Web page caption snippets
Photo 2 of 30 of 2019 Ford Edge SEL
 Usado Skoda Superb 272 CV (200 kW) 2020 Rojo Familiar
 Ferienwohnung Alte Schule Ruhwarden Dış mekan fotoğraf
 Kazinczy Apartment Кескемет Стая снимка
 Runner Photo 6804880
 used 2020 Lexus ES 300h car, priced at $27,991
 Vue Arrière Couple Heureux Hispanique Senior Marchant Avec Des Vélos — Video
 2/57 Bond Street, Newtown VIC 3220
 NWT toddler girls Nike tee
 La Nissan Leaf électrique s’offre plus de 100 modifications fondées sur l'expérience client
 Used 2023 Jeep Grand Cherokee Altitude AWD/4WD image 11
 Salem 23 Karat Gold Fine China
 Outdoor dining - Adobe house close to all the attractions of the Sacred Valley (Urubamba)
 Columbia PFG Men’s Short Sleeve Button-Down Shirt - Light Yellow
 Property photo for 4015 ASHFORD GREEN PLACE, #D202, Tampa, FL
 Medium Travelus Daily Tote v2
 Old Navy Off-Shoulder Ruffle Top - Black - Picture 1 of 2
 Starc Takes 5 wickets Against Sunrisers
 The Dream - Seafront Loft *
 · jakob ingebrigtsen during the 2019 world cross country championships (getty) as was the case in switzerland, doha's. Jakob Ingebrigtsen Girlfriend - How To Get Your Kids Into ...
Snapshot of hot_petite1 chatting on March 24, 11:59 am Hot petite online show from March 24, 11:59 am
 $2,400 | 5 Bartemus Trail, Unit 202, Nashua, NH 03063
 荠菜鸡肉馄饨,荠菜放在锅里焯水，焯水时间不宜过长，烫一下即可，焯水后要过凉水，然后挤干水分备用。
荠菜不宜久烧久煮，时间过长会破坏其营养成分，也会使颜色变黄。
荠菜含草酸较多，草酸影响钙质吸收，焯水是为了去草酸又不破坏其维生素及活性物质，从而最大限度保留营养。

» **Exercise brief**:
An exact copy of every entry is what is needed here.

» **Answer to this exercise**:
Photo 2 of 30 of 2019 Ford Edge SEL
 Usado Skoda Superb 272 CV (200 kW) 2020 Rojo Familiar
 Ferienwohnung Alte Schule Ruhwarden Dış mekan fotoğraf
 Kazinczy Apartment Кескемет Стая снимка
 Runner Photo 6804880
 used 2020 Lexus ES 300h car, priced at $27,991
 Vue Arrière Couple Heureux Hispanique Senior Marchant Avec Des Vélos — Video
 2/57 Bond Street, Newtown VIC 3220
 NWT toddler girls Nike tee
 La Nissan Leaf électrique s’offre plus de 100 modifications fondées sur l'expérience client
 Used 2023 Jeep Grand Cherokee Altitude AWD/4WD image 11
 Salem 23 Karat Gold Fine China
 Outdoor dining - Adobe house close to all the attractions of the Sacred Valley (Urubamba)
 Columbia PFG Men’s Short Sleeve Button-Down Shirt - Light Yellow
 Property photo for 4015 ASHFORD GREEN PLACE, #D202, Tampa, FL
 Medium Travelus Daily Tote v2
 Old Navy Off-Shoulder Ruffle Top - Black - Picture 1 of 2
 Starc Takes 5 wickets Against Sunrisers
 The Dream - Seafront Loft *
 · jakob ingebrigtsen during the 2019 world cross country championships (getty) as was the case in switzerland, doha's. Jakob Ingebrigtsen Girlfriend - How To Get Your Kids Into ...
Snapshot of hot_petite1 chatting on March 24, 11:59 am Hot petite online show from March 24, 11:59 am
 $2,400 | 5 Bartemus Trail, Unit 202, Nashua, NH 03063
 荠菜鸡肉馄饨,荠菜放在锅里焯水，焯水时间不宜过长，烫一下即可，焯水后要过凉水，然后挤干水分备用。
荠菜不宜久烧久煮，时间过长会破坏其营养成分，也会使颜色变黄。
荠菜含草酸较多，草酸影响钙质吸收，焯水是为了去草酸又不破坏其维生素及活性物质，从而最大限度保留营养。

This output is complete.